Wikimedia Cloud Services team/EnhancementProposals/Decision record T363683 kubernetes upgrade workgroup
Appearance
Origin task: phab:T363683
Date of the decision: 2024-06-06
People in the decision meeting (alphabetical order): There was no meeting, decided in the task
Decision taken
Option 2 was chosen with some comments:
- Create an overview wiki page for the coming upgrades
Starting workgroup members (alphabetical order)

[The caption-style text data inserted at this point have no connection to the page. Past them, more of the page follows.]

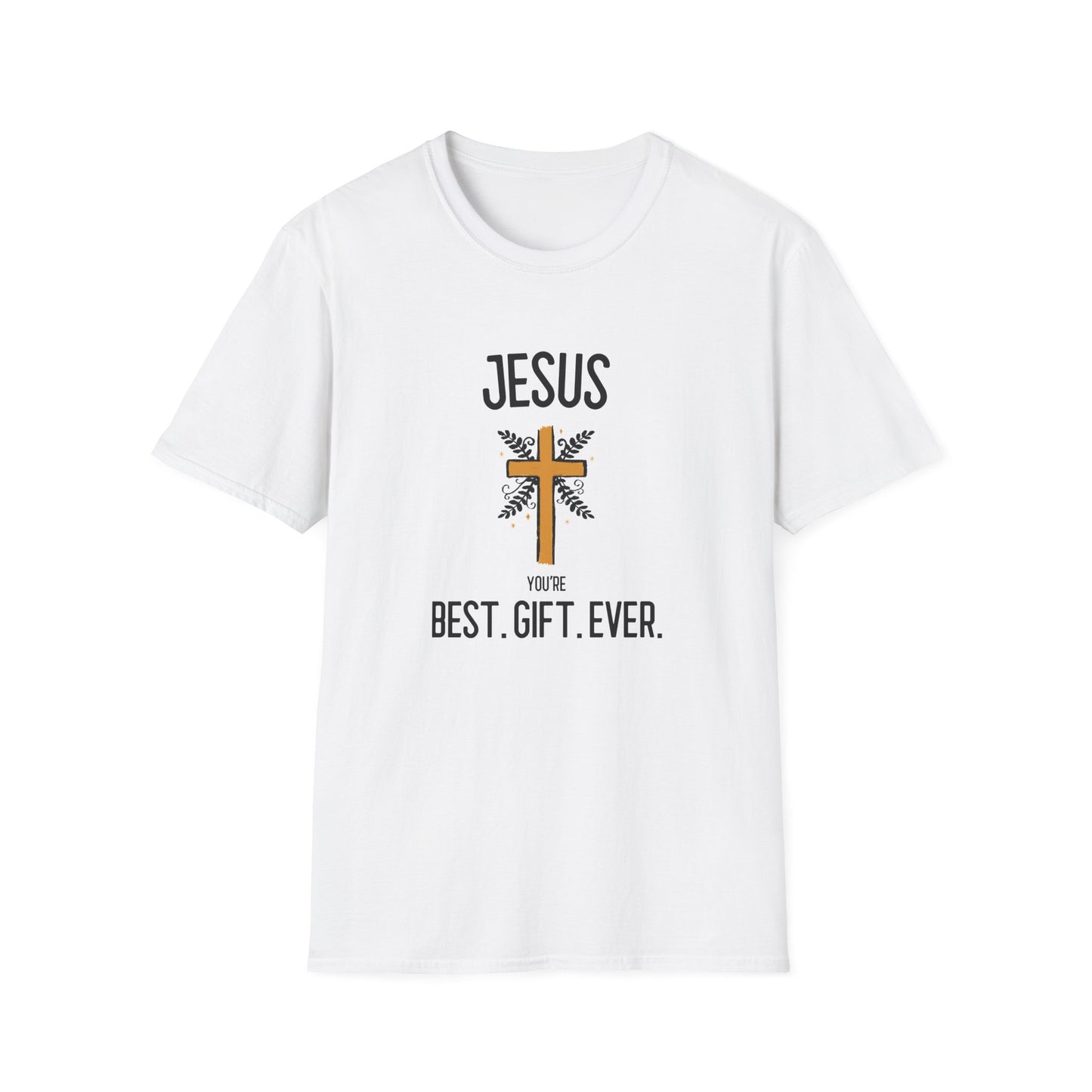 T-Shirt - Best Gift Ever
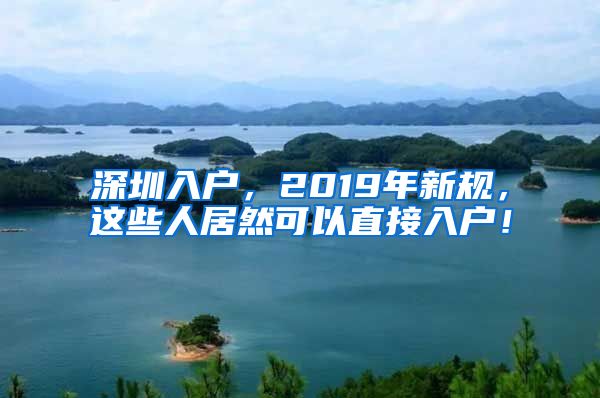 深圳入戶，2019年新規(guī)，這些人居然可以直接入戶！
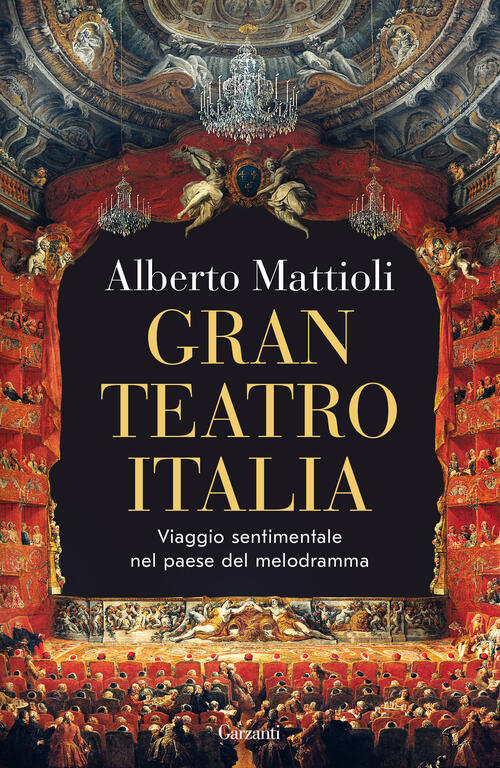 Gran Teatro Italia. Viaggio Sentimentale Nel Paese Del Melodramma Alberto Matt
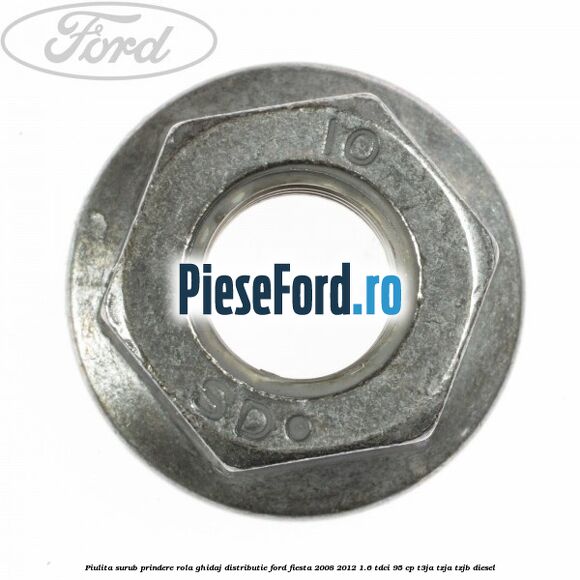 Piulita surub prindere rola ghidaj distributie Ford Fiesta 2008-2012 1.6 TDCi 95 cp T3JA, TZJA, TZJB diesel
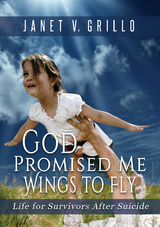 God Promised Me Wings to Fly -  Janet V. Grillo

- User:Arturo_Borrero_Gonzalez
- User:David_Caro
- Raymond Ndibe
- Slavina Stefanova
- User:FNegri
Rationale
We want to catch up with the k8s versions specially as we can't jump versions yet, so we have to put in the effort to speed up until we get there, and to stay there once we catch up.
Problem
We are several years behind kubernetes upgrades, and in order to catch up, we need to upgrade faster than upstream releases for some time.
Constraints and risks
- All the problems of running old software (security, bugs, stability, ...)
Extra info
- Current upgrade process documentation - https://wikitech.wikimedia.org/wiki/Portal:Toolforge/Admin/Kubernetes/Upgrading_Kubernetes
- Latest upgrade task - phab:T362869 (the rest are subtasks of it)
- Upstream releases - https://kubernetes.io/releases/
Decision record
In progress
Options
Option 1
Do nothing
Pros:
- No extra effort needed
Cons:
- We never catch up
Option 2
Create a dedicated opt-in workgroup to focus on monthly Kubernetes upgrades until we catch up (as aim, some upgrades might take more), and continue with regular updates thereafter.
Pros:
- K8s upgrade progress greatly improves
- we spread upgrade knowledge in the team
- we setup a working group that can then take over the regular updates (3/year)
- automation improvement and refinement
Cons:
- Considerable effort sometimes when api deprecations happen to affect us
- Are monthly updates compatible with other work streams?